Following prior privacy-preserving deep learning approaches [3], [8], [13], [18], Uranus focuses on cloud-based GNN inference services. In this system, the client retains the confidential graph data (i.e.,  $\bf A$  and  ${\bf V}^{(0)}$ ), while the server manages the GNN model parameters(i.e.,  ${\bf W}^k$ ). The server is assumed to be semi-honest, meaning it performs inference correctly but may try to infer or leak the client's data. During inference, the client encrypts graph data using FHE. The server performs GNN inference on the encrypted data and sends the results back to the client, who decrypts them to obtain the final output. Since Uranus operates on the server side, the client's graph data remain encrypted, while the model weights are in plaintext.

#### III. MOTIVATION

FHE-based GNN inference incurs substantial computational overhead, necessitating specialized accelerators for practical



Fig. 2. Latency breakdown of GNN inference. We implement GNN on three datasets (Cora,Citeseer, and Pubmed) on the open source FHE library SEAL [27] based on the CryptoGCN [31] design method and combined with high precision polynomial fitting [19].
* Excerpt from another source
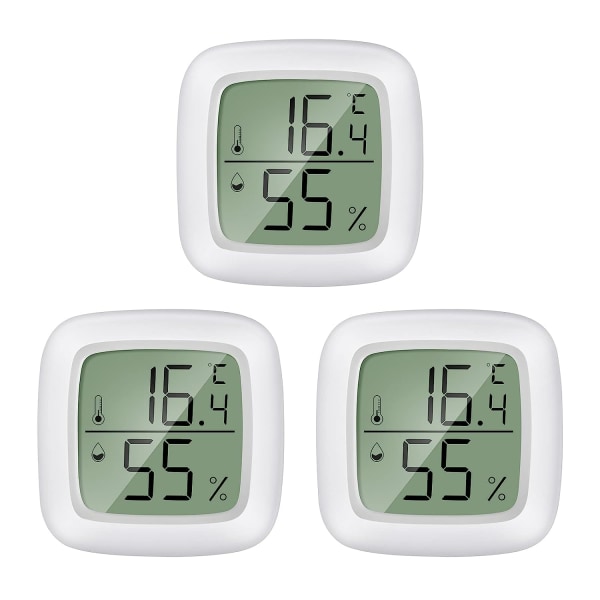 Termometer -- 1 sett med 3 mini digitale LCD-hygrometre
deployment. Achieving true efficiency requires joint consideration of both software frameworks and hardware architectures.

## A. Discrete Frameworks and Accelerators

Current optimizations for FHE-based GNN inference algorithms and FHE accelerators are largely discrete. Algorithms focus on reducing computational complexity without adapting to hardware accelerators, while general-purpose FHE accelerators lack designs tailored for GNNs, hindering their integration for efficient performance. As shown in Fig. 2, the linear layer in FHE-based GNN involves computationally expensive ciphertext matrix multiplications, accounting for a significant portion of the total computational overhead (over 88%), while the nonlinear layer and bootstrapping overhead are minimal (less than 12%). Theoretically, the linear layer requires only a multiplication depth of 2, achievable with small encryption parameters. However, bootstrapping for nonlinear functions in GNNs demands significantly higher encryption parameters (polynomial length 65536, ciphertext modulus 1500-bit). This results in the linear layer also only operating at a polynomial length of 65536, thus having a high overhead. However, since the number of features of GNNs shrinks drastically as the linear layer is computed (e.g., 2708 to 32 in Cora and and 19717 to 32 in Pubmed), the source of large parameter requirements, i.e. bootstrapping, instead has a small overhead due to the fact that only a small number of feature data ciphertexts need to be refreshed. Therefore, accelerating FHE-based GNN inference by existing accelerator designs, i.e., ARK [17], CraterLake [26], and SHARP [16], will result in very low hardware utilization, which stems from the deployment of multiple HBMs and large capacity scratchpads (180MB-512MB) primarily for bootstrapping, which accounts for less than 10% of the GNN compute load.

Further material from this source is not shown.